More Than an Experience

  • BY Adelina Elo
  • June 21, 2021
Two professors stand with President Sandeen with prepared boxes

Cal State East Bay President Cathy Sandeen, center, with Discover Engineering! cofounders Farzad Shahbodaghlou and Cristian Gaedicke prepare materials for virtual camp.

When asked why she was participating in Cal State East Bay’s Discover Engineering! camp, Katherine Santana, a junior at Richmond High School said confidently, “I know it will be a good experience and will open up options.” 

And, opening up options – in various ways – has been at the heart of the program since its inception seven years ago when Cal State East Bay  professors Farzad Shahbodaghlou and Cristian Gaedicke co-founded the camp in partnership with Bay Area LEEDS.


Similar to 2020, this year’s Discover Engineering! camp will be held virtually. Students will gain a real-life opportunity to be flexible and step up to the challenge by working in virtual teams instead of in-person.

Throughout the week of June 21-25, they will build and program Mars rover-type robots with a mission to search, collect and load minerals onto a shuttle for the production of batteries. Each section will be filmed, stitched together and uploaded on YouTube to be judged at the end of the week by a panel of industry professionals, including many from Chevron, the program sponsor.
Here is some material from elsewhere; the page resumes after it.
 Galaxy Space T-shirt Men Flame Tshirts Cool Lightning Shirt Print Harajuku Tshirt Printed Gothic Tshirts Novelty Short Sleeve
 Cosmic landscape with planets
Many students in the program come from underserved communities. Even in a virtual environment, the camp provides them exposure to post-secondary education and the engineering industry.  

“For some of the participants, college doesn’t seem like a possibility because they don’t know where to go or what to do," Shahbodaghlou said. "This program gives them a pathway.”


One of the ways that students can learn more about engineering is through field trips. This year, camp participants will do a virtual field trip to Maxon, a manufacturer and supplier of high-precision drive systems.

The thought behind the field trip is to expose the students to different types of engineering careers available.


This year’s camp will include about 65 students, 50 percent of which are female. This number is above the national rate of 10-15 percent of women in engineering. 


“The essence of the program is to help [middle and] high school students within the local community get an immersive experience [and] support them in their journey, and inspire future leaders,” said Lily Rahnema, community engagement manager of the Chevron Richmond Refinery.  

In a small, informal survey conducted in 2020, this social investment proved to have an impact. Nearly 42 percent of the past camp participants – who filled out the survey and were enrolled in a higher education institution – indicated that they chose to study engineering, with many of them going to local community colleges and four-year universities, including at least four Discover Engineering! alumni who have joined Cal State East Bay.